AC: I don't even know why you are here, or why you're allowed out of your prison cell.


MB: Shut up, swine! Leonard is talking.


LP: Thank you, Marlon. Why do say that Miss Coulter?


AC: You're a criminal, a terrorist. The fact that liberals would show you sympathy or try to "protect your rights" is just another demonstration of how much they hate America.


LP: Miss Coulter, you have an outward appearance of beauty but your inner darkness taints you. You're really an ugly ugly person, a hideous beast.
In fact I was framed, and the American Indian Movement was sabotaged by the Federal Government.

AC: You're a copkiller...


MB: You had your turn you beast pig. Hey, Sy, You wanna ask this tramp a question?


SH: Uhhh. Well, I guess. Uhh. Miss Coulter, what kind of music do you like?


AC: Music? Uhh, well Smokey Robinson and The Miracles and Oh yes. I loved The Carpenters.


SH: You asshole! I ought to come over there and beat you within an inch of your life.


AC: What? Because of the music I like? What is this?


MB: Shut up! The Carpenters? Have you no decency? My God! I am this close to slapping you myself. Get out, and take your book with you. You fucking pig whore.

(Coulter leaves as Brando throws her book hitting her in the back.)


MB: I enjoyed that. And now the king of talk Larry King.

(King enters and he and Marlon kiss)


LK: Hi, folks. Hiya, Marlon. It's happening. Remember when I had you on my show and you kept trying to turn the questions onto me, and I said one day we'd do it the other way and you could interview me? Well now it's happening.


MB: Larry, Larry, Larry. How are you my friend? What the hell are you talking about?


LK: I'm great. But you, look at this show. What a show this is. Great Marlon. The Marlon Brando Show.

(applause)


MB: You are the best.


LK: You got your own show.


MB: Brilliant, Larry. Very perceptive. You know King, after that insightful interview with Porky Pig there I don't really have the stomach for mindless chatter about your insipid little life.

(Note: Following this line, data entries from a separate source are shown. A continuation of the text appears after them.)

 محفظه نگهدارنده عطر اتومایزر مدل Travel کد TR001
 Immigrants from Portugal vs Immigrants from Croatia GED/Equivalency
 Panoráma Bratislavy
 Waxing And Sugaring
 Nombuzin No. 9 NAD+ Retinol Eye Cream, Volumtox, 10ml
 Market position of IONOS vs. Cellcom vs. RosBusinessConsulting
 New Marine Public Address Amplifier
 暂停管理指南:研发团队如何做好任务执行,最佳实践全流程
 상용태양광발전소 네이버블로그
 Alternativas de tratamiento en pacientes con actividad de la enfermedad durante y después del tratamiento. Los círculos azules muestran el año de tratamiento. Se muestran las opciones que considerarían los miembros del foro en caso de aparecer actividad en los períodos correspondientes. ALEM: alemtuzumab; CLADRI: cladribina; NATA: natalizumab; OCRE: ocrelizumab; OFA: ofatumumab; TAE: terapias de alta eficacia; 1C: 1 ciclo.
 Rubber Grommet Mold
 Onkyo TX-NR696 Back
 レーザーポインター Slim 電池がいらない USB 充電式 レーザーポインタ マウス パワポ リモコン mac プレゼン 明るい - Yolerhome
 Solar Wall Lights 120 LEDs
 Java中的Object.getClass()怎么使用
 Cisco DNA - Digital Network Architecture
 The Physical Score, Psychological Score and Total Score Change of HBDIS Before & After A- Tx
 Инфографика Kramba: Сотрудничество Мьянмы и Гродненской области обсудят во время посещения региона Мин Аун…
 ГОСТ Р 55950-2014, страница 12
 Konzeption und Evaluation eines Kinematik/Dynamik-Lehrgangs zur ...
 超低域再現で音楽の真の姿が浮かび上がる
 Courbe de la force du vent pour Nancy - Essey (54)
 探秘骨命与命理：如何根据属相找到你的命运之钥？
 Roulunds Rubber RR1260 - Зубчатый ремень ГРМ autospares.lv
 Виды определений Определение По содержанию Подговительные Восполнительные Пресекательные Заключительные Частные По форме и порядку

LK: Coulter is really mad, Marlon.


MB: Yeah? Well, fuck her. Larry, it's nothing personal, but I just want to go do something real now. Not sit here and talk to some schmuck about nothing. Because you are about nothing.


LK: It's true.


MB: I know, I know. Do you mind if I just cut this off?


LK: Hey, no. It's your show, Marlon.


MB: Nothing personal.


LK: Oh. You can't offend me. I have so no real human emotion left. You know. I don't give a damn about anything anymore.


MB: I love you, Mister Nothing.


LK: Sure.


MB: Good night, everybody.


LP: Mister Brando's wardrobe by Native Girls on his private island. This is a Mar-Bran Doug Woug Production in association with Harpo Productions. This Blog was recorded.